Write out, from the entries below, exactly the lines that run between the lines holding "Temperatura em agosto" and "Collagen Bundle", inclusive, and stop there.

━━━━

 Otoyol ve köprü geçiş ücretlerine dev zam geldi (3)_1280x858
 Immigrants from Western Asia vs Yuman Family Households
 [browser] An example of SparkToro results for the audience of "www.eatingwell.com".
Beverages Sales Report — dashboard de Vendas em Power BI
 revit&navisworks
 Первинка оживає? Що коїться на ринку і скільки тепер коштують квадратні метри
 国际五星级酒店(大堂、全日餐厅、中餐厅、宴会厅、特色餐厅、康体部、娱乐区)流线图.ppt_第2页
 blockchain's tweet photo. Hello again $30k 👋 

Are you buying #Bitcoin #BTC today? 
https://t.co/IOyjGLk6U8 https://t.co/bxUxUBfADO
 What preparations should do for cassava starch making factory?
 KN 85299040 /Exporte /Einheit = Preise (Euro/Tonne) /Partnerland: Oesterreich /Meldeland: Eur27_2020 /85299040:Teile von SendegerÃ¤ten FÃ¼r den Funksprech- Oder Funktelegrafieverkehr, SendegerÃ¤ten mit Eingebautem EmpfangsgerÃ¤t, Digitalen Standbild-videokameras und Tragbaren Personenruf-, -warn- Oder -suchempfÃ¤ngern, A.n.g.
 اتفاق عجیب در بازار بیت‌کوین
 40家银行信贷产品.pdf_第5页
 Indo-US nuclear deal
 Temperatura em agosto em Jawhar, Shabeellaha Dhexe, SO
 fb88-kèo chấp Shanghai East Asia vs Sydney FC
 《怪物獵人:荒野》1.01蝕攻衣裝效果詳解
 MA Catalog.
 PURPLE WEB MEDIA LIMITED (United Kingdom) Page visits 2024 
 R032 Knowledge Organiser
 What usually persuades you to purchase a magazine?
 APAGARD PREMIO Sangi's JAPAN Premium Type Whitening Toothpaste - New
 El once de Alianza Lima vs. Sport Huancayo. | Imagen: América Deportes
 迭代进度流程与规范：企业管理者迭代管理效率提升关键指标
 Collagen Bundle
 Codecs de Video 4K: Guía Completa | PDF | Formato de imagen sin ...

━━━━

## Your response
 Temperatura em agosto em Jawhar, Shabeellaha Dhexe, SO
 fb88-kèo chấp Shanghai East Asia vs Sydney FC
 《怪物獵人:荒野》1.01蝕攻衣裝效果詳解
 MA Catalog.
 PURPLE WEB MEDIA LIMITED (United Kingdom) Page visits 2024 
 R032 Knowledge Organiser
 What usually persuades you to purchase a magazine?
 APAGARD PREMIO Sangi's JAPAN Premium Type Whitening Toothpaste - New
 El once de Alianza Lima vs. Sport Huancayo. | Imagen: América Deportes
 迭代进度流程与规范：企业管理者迭代管理效率提升关键指标
 Collagen Bundle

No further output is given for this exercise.